I hereby propose the development of a community-based compute solution which should be intended to be used by users which for whatever reason (technical / cloud-dependencies / … ) can’t make use of the (newly developed) Numerai Compute solution which will be AWS-based.
Keep in mind at the moment of writing the new Numerai Compute from the team is still being beta-tested and since the proposal has some possible dependencies on their solution things can change in the next weeks. I do want to put this proposal out in the open to get a feel whether or not people are actually interested in this, in which case I will follow through. I wanted to put this proposal already out during the London CoE meetup unfortunately I got sick and couldn’t join there I did gave the slides to @ia_ai and he put them online, thanks for that.
1.Proposal
I’d like to build an open-source community compute solution for Numerai model predictions.
Ideation: There has already been lots of talk lately about moving towards a daily compute solution by the team, and currently they are busy with beta-testing this and from what I heard from 2chan this looks to be a clean simple solution (as in one-line commands). They did state though that initially it will still be a AWS-only solution which for a part of the tournament users will still be an issue for various reasons. I was already playing around for quite some time with different local and cloud compute solutions, hunting for the most simple/reliable and cost-effective solution and it seems now more than ever to get a general solution in place which takes away the difficulties of managing infrastructure whether on-premise of cloud-based.
Problem statement:
Like a lot of tournament participants, I want to be able to easily create and manage my compute solutions used for daily or weekly predictions. I want to be able to quickly set it up and also be able to quickly make changes, scale up or down if needed and also get notified upon any problems. It should be a one-line command based solution (e.g. python) which should be in line with or an extension at the Numerai Compute solution.
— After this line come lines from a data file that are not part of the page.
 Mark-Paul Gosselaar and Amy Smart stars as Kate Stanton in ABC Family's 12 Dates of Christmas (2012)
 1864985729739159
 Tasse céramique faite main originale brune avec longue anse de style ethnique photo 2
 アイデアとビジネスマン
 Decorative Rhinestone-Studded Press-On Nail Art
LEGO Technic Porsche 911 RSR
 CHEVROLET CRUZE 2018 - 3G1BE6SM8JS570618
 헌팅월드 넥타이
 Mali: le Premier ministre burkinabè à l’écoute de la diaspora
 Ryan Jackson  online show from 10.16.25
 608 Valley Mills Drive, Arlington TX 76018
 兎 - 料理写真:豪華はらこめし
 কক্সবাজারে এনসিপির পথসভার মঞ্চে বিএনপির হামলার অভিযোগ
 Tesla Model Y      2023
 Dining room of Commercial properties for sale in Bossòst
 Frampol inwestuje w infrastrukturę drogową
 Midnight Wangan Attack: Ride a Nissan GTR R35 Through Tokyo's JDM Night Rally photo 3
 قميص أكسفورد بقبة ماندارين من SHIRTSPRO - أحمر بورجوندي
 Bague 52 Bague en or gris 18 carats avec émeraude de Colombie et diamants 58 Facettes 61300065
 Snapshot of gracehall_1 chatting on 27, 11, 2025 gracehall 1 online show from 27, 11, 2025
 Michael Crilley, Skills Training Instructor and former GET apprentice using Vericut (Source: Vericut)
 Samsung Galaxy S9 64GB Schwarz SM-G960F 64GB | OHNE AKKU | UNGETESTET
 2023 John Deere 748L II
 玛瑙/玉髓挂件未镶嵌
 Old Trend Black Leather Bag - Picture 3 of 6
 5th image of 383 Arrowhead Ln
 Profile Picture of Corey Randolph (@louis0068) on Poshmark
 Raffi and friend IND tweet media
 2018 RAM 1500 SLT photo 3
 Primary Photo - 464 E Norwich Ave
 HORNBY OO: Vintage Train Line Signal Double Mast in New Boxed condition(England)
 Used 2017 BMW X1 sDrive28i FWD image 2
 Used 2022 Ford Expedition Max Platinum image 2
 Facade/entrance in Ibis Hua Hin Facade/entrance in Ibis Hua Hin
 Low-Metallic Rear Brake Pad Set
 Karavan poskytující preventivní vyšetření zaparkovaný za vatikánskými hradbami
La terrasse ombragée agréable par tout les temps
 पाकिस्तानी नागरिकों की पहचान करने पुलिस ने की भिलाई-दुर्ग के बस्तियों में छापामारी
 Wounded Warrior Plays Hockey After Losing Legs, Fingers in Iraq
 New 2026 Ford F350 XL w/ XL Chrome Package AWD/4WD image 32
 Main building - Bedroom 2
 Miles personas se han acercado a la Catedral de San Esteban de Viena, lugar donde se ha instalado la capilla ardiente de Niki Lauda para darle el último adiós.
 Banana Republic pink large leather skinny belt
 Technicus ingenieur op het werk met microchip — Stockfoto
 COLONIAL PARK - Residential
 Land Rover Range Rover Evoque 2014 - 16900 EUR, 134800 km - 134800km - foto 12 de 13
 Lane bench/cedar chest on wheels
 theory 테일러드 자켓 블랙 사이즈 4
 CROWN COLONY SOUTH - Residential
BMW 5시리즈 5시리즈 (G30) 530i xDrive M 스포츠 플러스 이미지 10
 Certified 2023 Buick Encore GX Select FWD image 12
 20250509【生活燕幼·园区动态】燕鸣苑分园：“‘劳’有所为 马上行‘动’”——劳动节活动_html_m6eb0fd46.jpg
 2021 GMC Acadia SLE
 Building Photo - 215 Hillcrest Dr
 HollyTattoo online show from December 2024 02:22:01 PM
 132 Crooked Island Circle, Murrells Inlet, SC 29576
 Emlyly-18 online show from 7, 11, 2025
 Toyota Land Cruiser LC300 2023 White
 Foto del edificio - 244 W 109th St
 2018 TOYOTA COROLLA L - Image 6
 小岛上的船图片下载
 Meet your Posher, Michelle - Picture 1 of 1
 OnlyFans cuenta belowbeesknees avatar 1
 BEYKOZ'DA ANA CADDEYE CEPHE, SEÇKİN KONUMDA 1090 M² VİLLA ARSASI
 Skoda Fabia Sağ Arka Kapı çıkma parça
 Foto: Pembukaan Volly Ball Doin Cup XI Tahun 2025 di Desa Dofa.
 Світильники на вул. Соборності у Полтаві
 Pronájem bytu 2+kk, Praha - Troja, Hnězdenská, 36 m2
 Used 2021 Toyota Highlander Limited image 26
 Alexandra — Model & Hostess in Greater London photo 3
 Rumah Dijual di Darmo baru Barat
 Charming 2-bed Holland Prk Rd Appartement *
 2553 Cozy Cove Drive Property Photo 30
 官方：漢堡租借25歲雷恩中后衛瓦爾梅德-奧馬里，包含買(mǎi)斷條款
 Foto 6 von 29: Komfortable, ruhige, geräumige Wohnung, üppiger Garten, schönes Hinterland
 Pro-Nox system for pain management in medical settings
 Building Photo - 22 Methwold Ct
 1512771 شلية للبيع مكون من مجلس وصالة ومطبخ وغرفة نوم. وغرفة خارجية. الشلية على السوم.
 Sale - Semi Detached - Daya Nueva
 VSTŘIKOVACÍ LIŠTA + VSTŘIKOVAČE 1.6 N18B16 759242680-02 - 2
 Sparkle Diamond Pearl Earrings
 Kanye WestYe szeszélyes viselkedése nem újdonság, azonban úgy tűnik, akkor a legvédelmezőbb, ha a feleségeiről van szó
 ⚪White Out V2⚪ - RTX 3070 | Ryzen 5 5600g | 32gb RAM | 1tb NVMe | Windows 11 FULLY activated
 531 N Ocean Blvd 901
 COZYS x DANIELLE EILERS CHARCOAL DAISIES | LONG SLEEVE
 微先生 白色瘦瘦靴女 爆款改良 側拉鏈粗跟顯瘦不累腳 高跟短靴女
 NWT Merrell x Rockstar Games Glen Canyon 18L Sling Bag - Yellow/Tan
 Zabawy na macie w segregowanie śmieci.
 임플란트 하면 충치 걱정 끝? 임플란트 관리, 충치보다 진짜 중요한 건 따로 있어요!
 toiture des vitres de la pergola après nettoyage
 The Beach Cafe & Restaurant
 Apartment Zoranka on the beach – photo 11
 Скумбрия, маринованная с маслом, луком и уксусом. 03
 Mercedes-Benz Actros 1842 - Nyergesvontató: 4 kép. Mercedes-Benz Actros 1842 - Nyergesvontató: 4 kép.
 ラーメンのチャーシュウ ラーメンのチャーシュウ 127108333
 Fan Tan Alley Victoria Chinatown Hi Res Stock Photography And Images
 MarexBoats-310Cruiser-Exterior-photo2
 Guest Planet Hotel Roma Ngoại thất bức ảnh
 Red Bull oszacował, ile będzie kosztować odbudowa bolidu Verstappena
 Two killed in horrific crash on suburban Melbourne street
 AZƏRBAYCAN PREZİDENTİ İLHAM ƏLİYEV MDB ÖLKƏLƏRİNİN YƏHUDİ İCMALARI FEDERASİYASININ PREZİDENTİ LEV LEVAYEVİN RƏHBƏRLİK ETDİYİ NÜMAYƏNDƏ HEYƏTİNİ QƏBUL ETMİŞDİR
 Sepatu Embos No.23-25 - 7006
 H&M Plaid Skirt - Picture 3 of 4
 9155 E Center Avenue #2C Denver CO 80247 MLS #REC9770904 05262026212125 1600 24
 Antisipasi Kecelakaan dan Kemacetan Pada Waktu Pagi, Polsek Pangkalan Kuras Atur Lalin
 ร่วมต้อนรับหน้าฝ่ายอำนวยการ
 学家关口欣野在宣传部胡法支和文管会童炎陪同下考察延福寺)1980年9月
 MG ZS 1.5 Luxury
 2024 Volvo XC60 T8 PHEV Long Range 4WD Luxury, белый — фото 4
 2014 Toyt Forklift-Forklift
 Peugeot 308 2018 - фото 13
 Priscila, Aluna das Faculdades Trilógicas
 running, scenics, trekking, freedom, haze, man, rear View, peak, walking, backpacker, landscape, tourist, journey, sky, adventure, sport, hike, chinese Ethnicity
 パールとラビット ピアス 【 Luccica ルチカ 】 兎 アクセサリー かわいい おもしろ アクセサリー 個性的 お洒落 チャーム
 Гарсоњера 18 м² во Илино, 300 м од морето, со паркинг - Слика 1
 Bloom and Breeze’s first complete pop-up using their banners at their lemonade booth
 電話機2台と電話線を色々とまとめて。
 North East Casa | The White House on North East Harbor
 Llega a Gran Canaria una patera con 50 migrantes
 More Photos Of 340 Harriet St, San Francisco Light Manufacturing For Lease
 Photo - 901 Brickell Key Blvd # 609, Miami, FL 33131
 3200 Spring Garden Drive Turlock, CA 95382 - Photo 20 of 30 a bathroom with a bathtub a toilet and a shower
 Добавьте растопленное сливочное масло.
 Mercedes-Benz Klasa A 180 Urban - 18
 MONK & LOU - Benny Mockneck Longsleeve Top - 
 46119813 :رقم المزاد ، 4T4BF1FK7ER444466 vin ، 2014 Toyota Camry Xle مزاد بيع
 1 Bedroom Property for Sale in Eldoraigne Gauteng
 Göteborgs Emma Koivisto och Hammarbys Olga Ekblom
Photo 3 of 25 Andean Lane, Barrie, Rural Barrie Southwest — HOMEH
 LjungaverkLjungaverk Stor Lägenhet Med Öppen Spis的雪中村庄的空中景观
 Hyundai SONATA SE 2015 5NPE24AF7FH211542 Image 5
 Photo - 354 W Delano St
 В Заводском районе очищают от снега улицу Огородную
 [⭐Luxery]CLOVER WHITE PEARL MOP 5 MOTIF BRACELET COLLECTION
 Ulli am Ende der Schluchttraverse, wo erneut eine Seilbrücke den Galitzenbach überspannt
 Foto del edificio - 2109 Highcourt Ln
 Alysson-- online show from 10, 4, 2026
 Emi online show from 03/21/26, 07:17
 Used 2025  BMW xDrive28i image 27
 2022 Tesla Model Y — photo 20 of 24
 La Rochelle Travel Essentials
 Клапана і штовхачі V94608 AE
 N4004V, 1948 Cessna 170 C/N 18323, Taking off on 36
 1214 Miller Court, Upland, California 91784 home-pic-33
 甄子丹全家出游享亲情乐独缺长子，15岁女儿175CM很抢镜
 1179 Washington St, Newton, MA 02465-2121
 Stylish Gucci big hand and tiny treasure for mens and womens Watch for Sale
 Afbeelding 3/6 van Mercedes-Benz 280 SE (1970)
Solution: An open-source software solution that will perform the mentioned compute, with the option to run it on various cloud providers (azure/oracle/cloud) or as a local compute (windows with wsl2, vm/docker, dedicated hardware) based on Ubuntu. Initially it would support python-based prediction pipelines.The basis functionalities should be the following:
- Easy setup of Compute Engine: It should be possible to provision/deploy a compute solution based on user input (cloud or local, scaling, location, …)
- Managing of Compute Engine: It should be possible to manage the compute engine remotely, that is updating pipelines / changing starting times / changing notifications / …
- Monitoring and Logging: The solution should provide the user with notifications upon events, e.g. when an error occurred.
- IP: The solution should run on the users own local compute or cloud, that is they have full control of their compute and no other user can access it (or the data).
2.Timeline
If approved, the earliest start date would be end of August, beginning of September. Initially we should start with an MVP, for example Oracle compute based on Ubuntu and then extend the solution from there.
3.Best case outcome
A working solution which works seamlessly with the Numerai Compute solution, and is used by a large part of the community. The open-source solution is easily managed by other developers and can be extended with other functionalities, e.g. automatic uploading to Numerbay. The Numerai team sees the added-value of the solution and will work together with the community developers in maintaining the solution.
4. Worst case outcome
The solution has not been adopted by the community, at which case all efforts would have been in vain.
5.Success criteria
This should be defined together with the CoE and community of what the success criteria should be, TBD.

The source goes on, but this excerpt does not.